Armenian translations of “What is an Apparatus?”, “What is the Contemporary” and “The Friend” by Giorgio Agamben

ARI Literature Foundation Publishing House (ARI Press) has recently published three lectures “What is an Apparatus”, “What is Contemporary” and “The Friend” by Giorgio Agamben in three separate small pocket-book format publications. This publication was initiated by the translator Movses Der Kevorkian and aims at introducing to the young readers and students  philosophical pieces by the outstanding author in a user-friendly, easy-carring and attractive pocket books format.

Translator – Movses Der Kevorkian

Publisher – ARI Press

Read below the biography of the translator, as well as short information about the author and the books.

Movses Der Kevorkian

The books were translated by Movses Der Kevorkian, a Lebanese architect. Movses now lives in Brussels, where he runs the Sill and Sound Architects office.

Inspired by various translation initiatives, he takes the first steps by translating philosophical essays into Western Armenian. The initiative is best described in his “translator’s foreword”.

“The starting point of this work as purely translation work is the training for the mind and the language. To work within the languages, with your language, sometimes to get closer to its borders, to your own borders, to open to old and new concepts, that is, to examine, to discover the dense structure of linguistic thinking. It is mostly foreign language publications that provide the opportunities for us to discover these contemporary concepts and approaches.
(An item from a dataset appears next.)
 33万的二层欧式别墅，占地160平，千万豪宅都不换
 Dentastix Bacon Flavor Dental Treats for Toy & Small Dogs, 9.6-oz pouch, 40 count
This translation work therefore pursues two goals: 

1. Allow Armenian readers to explore, develop, and expand these current concepts in their own language; 

2. With the help of paper books encourage the reading of such works making them available for everyone.” 

Movses Der Kevorkian

Giorgio Agamben

Giorgio Agamben (1942) is one of the leading figures in philosophy and political theory. His unique readings of literature, literary theory, continental philosophy, political thought, religious studies, and art have made him one of the most innovative thinkers of our time.

Agamben was educated in law and philosophy at the University of Rome. As a post-doctoral scholar in Freiburg (1966–1968), he participated in Martin Heidegger’s seminars on Hegel and Heraclitus and was later a fellow at the Warburg Institute, University of London, from 1974 to 1975. Agamben then began teaching and–over the course of the next four decades–taught at a number of acclaimed European and American universities.

In addition to his important philosophical heritage, Agamben has critically engaged with religious and legal texts, as well as with some of the most important literary figures and poets in Western culture.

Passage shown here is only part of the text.